### Records for this exercise
================

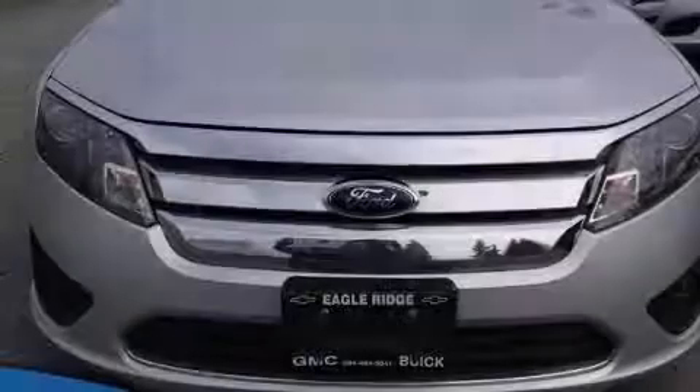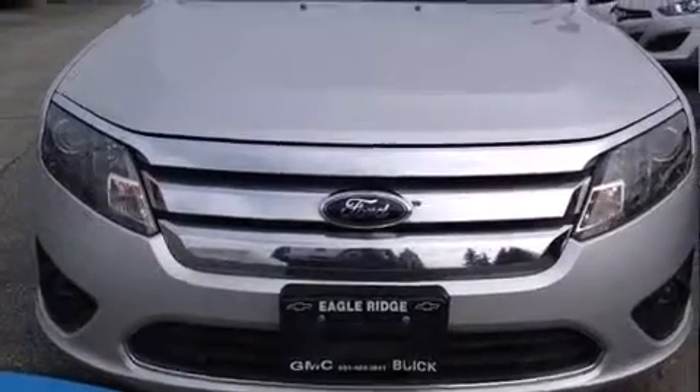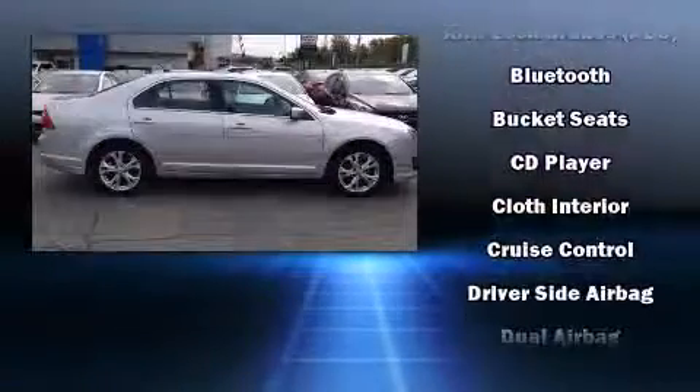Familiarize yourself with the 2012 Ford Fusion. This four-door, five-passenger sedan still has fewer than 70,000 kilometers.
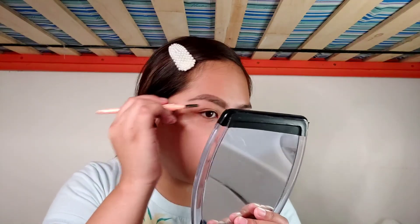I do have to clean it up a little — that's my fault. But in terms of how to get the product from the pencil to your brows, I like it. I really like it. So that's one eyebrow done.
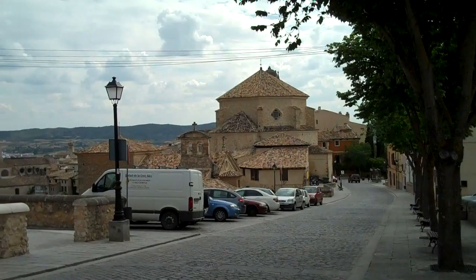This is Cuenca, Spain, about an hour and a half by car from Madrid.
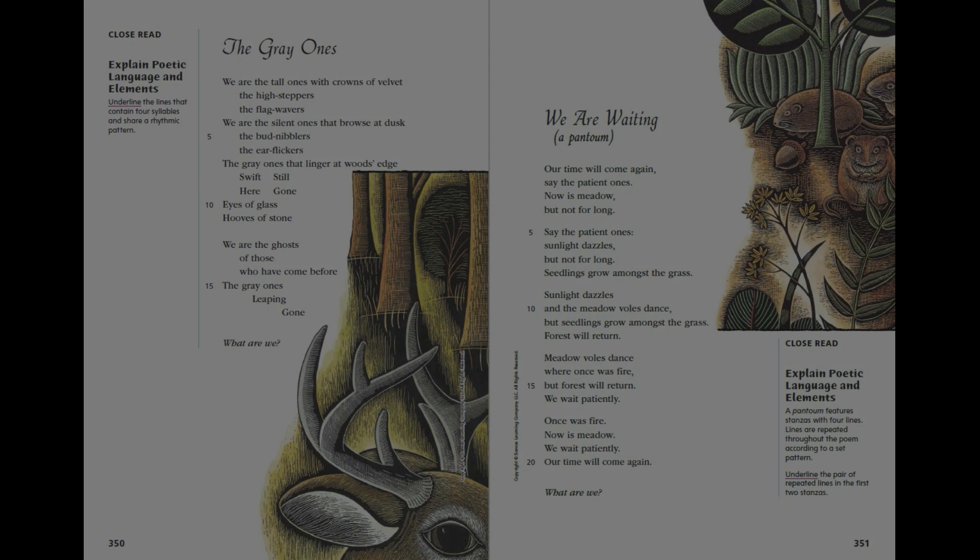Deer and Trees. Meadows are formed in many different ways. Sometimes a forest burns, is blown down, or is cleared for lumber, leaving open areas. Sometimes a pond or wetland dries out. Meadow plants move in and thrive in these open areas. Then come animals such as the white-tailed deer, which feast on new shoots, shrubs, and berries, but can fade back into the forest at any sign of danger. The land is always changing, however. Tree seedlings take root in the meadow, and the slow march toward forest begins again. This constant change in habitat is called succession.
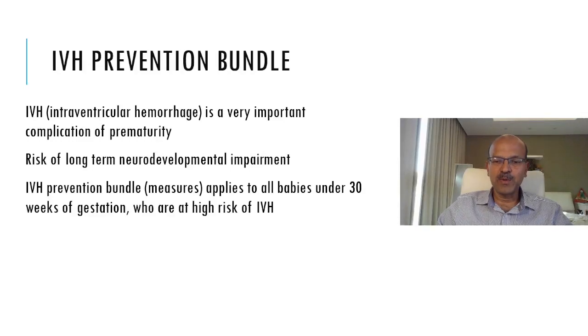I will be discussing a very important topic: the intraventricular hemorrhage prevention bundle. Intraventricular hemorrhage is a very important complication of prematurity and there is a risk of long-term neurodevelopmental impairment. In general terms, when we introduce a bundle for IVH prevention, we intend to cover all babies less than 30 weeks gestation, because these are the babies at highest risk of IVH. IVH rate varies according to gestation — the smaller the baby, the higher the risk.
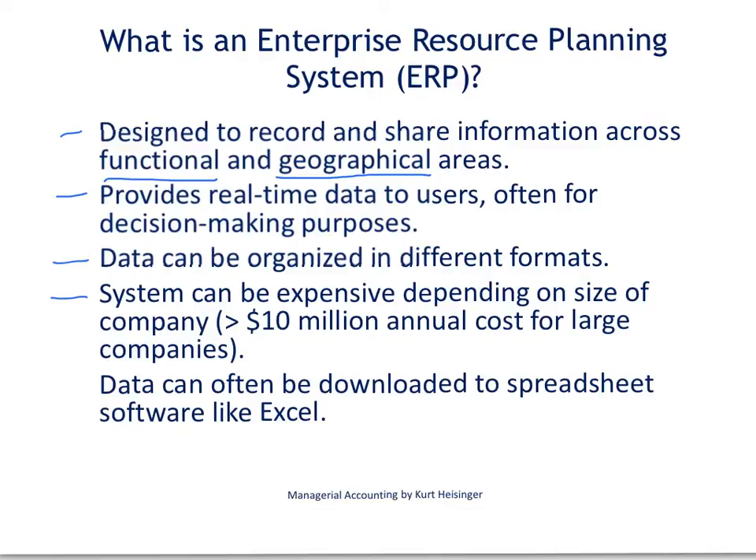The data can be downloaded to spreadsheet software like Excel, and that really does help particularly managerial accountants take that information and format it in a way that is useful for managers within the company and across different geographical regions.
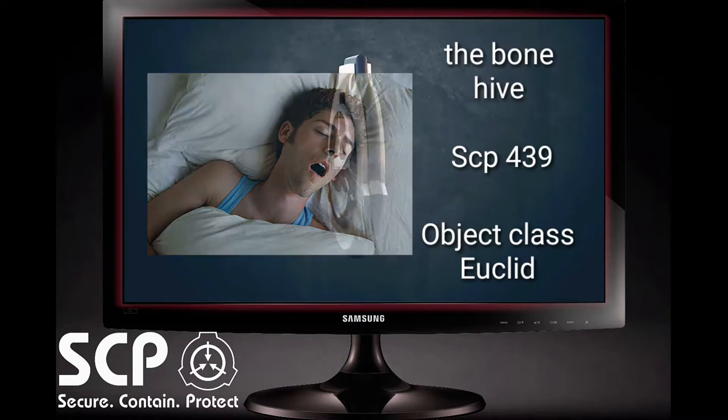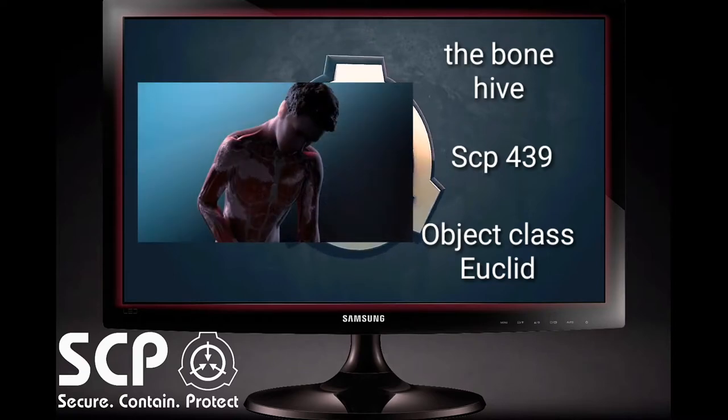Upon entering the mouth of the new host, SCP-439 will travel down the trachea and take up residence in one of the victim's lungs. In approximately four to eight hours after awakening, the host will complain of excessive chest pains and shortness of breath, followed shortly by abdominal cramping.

================

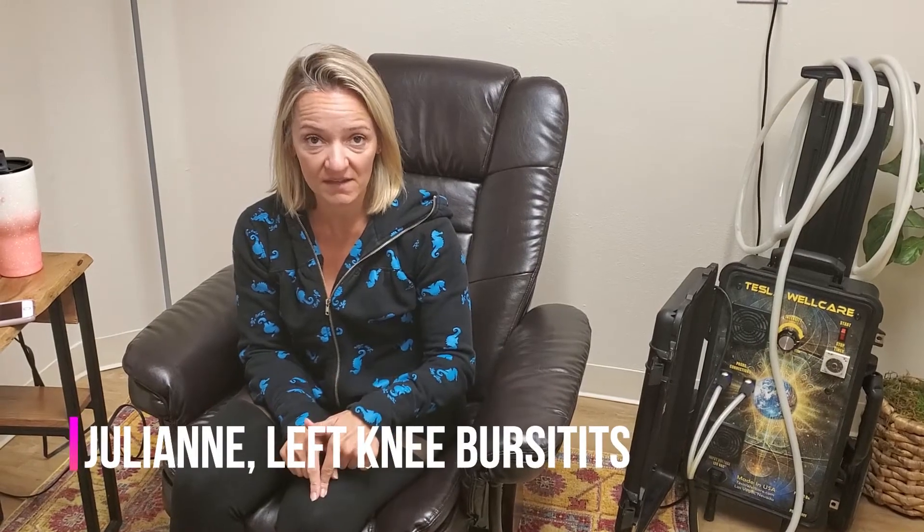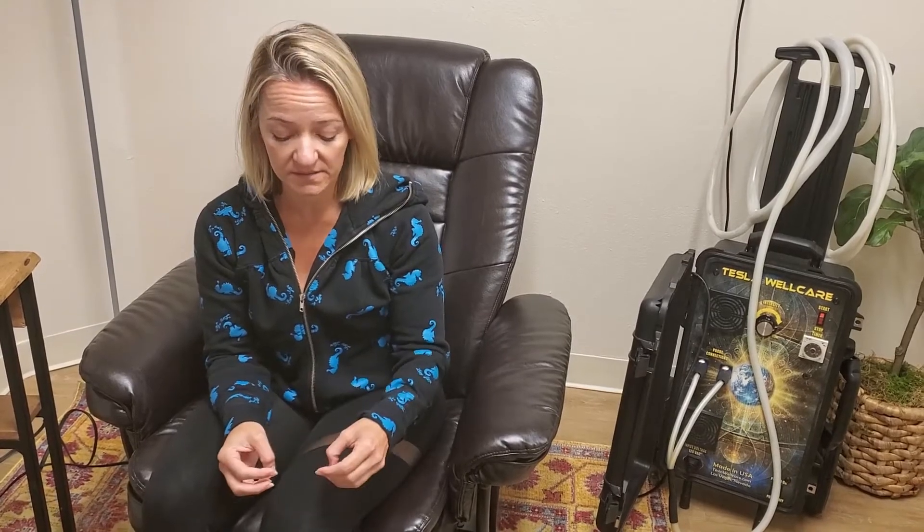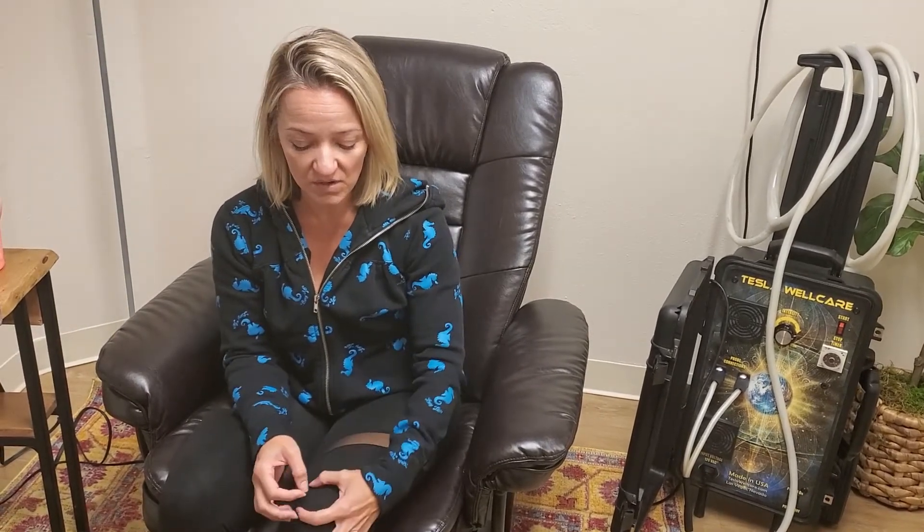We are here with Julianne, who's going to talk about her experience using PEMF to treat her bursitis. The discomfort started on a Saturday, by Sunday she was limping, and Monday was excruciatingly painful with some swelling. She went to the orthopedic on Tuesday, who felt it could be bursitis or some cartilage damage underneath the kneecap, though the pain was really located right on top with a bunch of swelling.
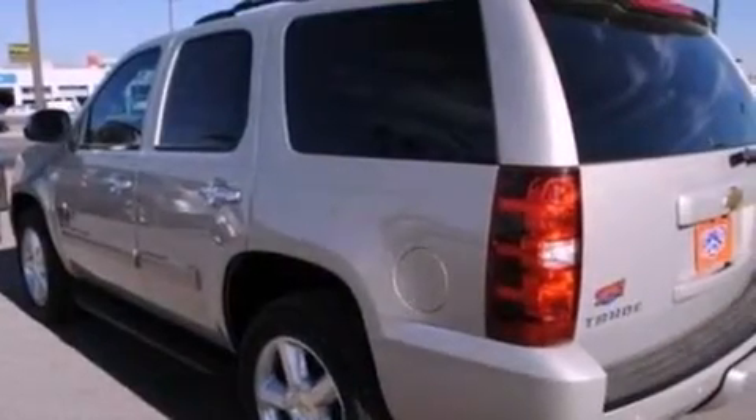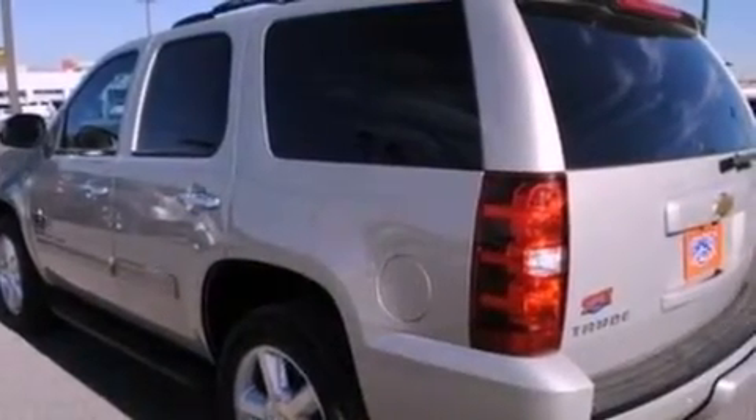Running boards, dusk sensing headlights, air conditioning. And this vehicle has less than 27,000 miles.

================

### Work instruction
Your copy should hold only the lines above from the one containing "Deer and Trees." through the one containing "The data can", exactly as written and free of pictures.

### Response
Deer and Trees. Meadows are formed in many different ways. Sometimes a forest burns, is blown down, or is cleared for lumber, leaving open areas. Sometimes a pond or wetland dries out. Meadow plants move in and thrive in these open areas. Then come animals such as the white-tailed deer, which feast on new shoots, shrubs, and berries, but can fade back into the forest at any sign of danger. The land is always changing, however. Tree seedlings take root in the meadow, and the slow march toward forest begins again. This constant change in habitat is called succession.
I will be discussing a very important topic: the intraventricular hemorrhage prevention bundle. Intraventricular hemorrhage is a very important complication of prematurity and there is a risk of long-term neurodevelopmental impairment. In general terms, when we introduce a bundle for IVH prevention, we intend to cover all babies less than 30 weeks gestation, because these are the babies at highest risk of IVH. IVH rate varies according to gestation — the smaller the baby, the higher the risk.
The data can be downloaded to spreadsheet software like Excel, and that really does help particularly managerial accountants take that information and format it in a way that is useful for managers within the company and across different geographical regions.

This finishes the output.